Be that as it may, Led Zeppelin’s fans expected the hit machine. The new album, titled simply Led Zeppelin III, baffled the legions of faithful when it was released in October 1970. And not just the songs but the cover and inner sleeve, with a rotating cardboard wheel that revealed pop-art images of the band, butterflies, chunks of corn, and assorted gewgaws through peepholes die-cut into the mechanism. It was supposed to “reflect the album’s bucolic ambience by mimicking an annual crop-rotation calendar,” but its critics found the concept silly, “teenybopperish,” as Jimmy described it, more suited to a Partridge Family LP.
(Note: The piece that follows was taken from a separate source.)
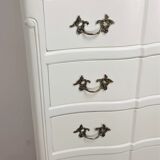 Louis xv-style cream white rag maker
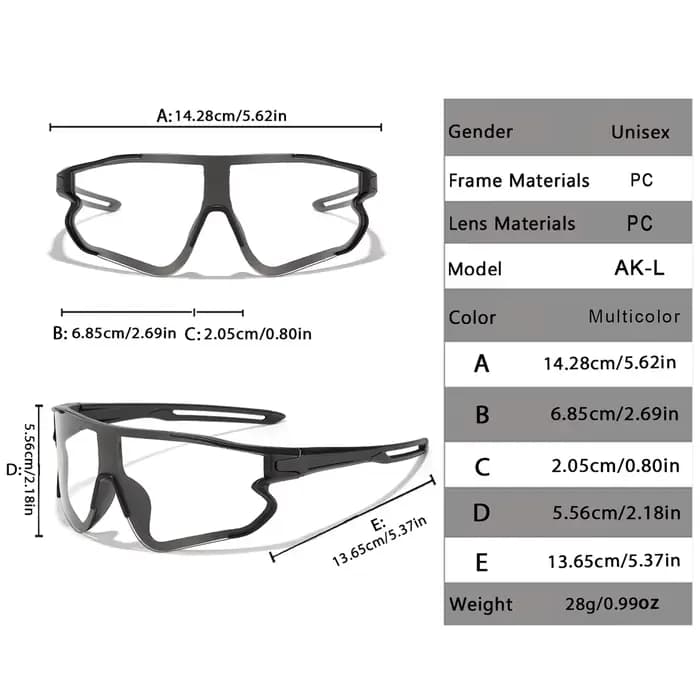 Nouveau Style marque lunettes photochromiques hommes femmes vélo vtt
The songs were an entirely different matter. The songs were a far cry from the character Led Zeppelin had constructed for itself. For many fans, the mixed marriage of rock and folk was too radical a departure, too jarring, too difficult to appreciate. Light and shade was all well and good, but Robert’s argument that “there are different moods to our music, just the same as people have different moods,” rang hollow. Fans didn’t care about moods; they wanted the kind of music they were accustomed to from their favorite rock ’n roll group.
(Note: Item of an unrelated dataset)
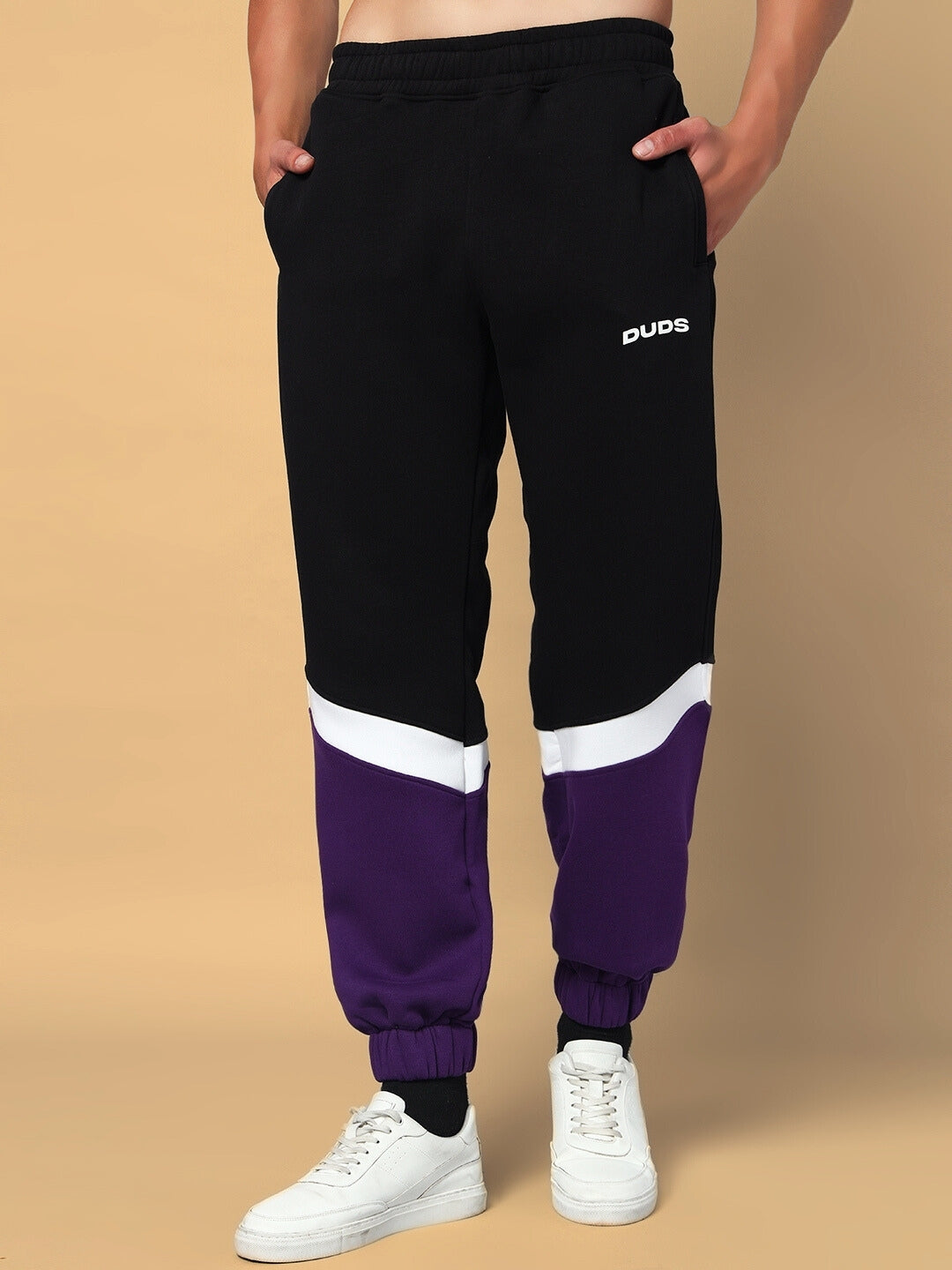 Black and purple joggers online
In the band’s attempt to puncture the myth of Led Zeppelin, they had emasculated it. There was none of the raw energy of “you need coolin’ ” or “squeeze my lemon,” no attack, no Sturm und Drang. Several reviews accused the band of going soft, of losing its backbone. Q, the British rock ’n roll monthly, later called the album “a rickety, erratic affair.” Critics, even those who had sung Led Zeppelin’s praises, found it too contrived, too calculating, too self-indulgent. They mistrusted the band’s intentions. The album was said to lack the intensity or edge that had made its two predecessors such inspired affairs. “I, II, III . . . and Zeppelin Weakens” was the banner across the review in Disc and Music Echo. Rolling Stone, predictably, panned it—Jimmy called it “a definite hatchet job”—as did Creem and Crawdaddy. NME warned that “it remains to be seen how far Zeppelin lovers will go along with what is a pretty drastic change in direction.” Of the major music publications, only Melody Maker, which two weeks earlier had anointed Led Zeppelin as Best Group in its poll, published an unequivocal rave—“Zeppelin III Is Pure Magic”—by Chris Welch, who called LZIII “a much better album than LZII.”